Also worth reading on his blog, Kurtz talks about what it was like to host the Harveys.
Webcomics | In anticipation of the release of the ACT-I-VATE Primer from IDW, Graphic NYC has dubbed this ACT-I-VATE week and will run features all week about the webcomics collective and its contributors.
Internet radio | SLG Publishing is testing out an internet radio call-in show, where fans can call in and ask Dan Vado questions about their titles or the comic industry in general. If you’ve ever attended one of SLG’s panels, you know Dan has a lot to say, so this should be worth checking out.
Tablets | Although the Apple tablet I mentioned a few days ago hasn’t even been officially announced yet, this Ad Age story says traditional publishers are already talking about ways to bypass iTunes and offer “an industry-wide digital storefront where tablet users could buy digital issues or subscriptions without going through iTunes or the App Store.”

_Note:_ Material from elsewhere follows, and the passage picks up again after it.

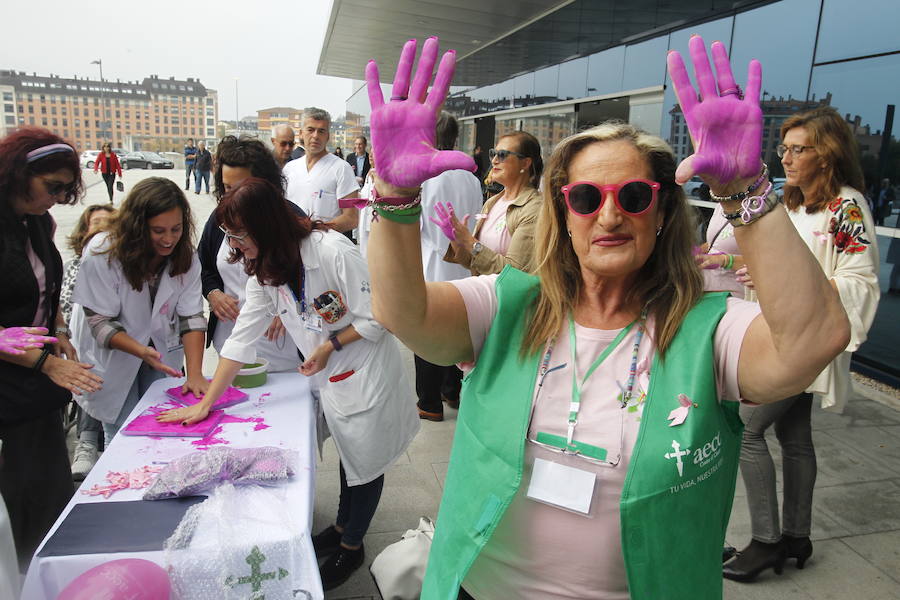 Las mujeres a las que se les diagnostica un cáncer de mama en el programa de detección precoz del Principado tienen mayor esperanza de vida que aquellas que no acuden a las pruebas de cribado, según ha destacado la Consejería de Sanidad con motivo del Día Mundial de esta enfermedad.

Tablets | Speaking of tablets (and SLG, for that matter), SLG chief Jennifer de Guzman talks about digital comics in her latest column for Publisher’s Weekly, noting the difficulties that come with trying to make comics for Amazon’s Kindle.
“To be acceptable to Amazon’s Kindle store, a comic needs to be ‘reflowed,’ which means breaking each page into individual panels and saving each as a separate file,” she writes. “This is a process that could take hours for every graphic novel—and that means additional costs for a publisher.”
Digital Comics | If you missed part one of the Brian Michael Bendis interview I linked to earlier because you were too busy checking out what he had to say about Avengers, he talks with Blair Butler about the Spider Woman Motion Comic and the future of digital comics.
Tablets | Gizmodo reports on the long-rumored Apple Tablet device, saying that Apple “is in talks with several media companies rooted in print, negotiating content for a ‘new device.’” In addition, Apple has also applied for a patent on a “multi-touch surface that could accommodate two full hands and distinguish between palms and individual fingers for typing, gestures and more,” according to the Apple Insider.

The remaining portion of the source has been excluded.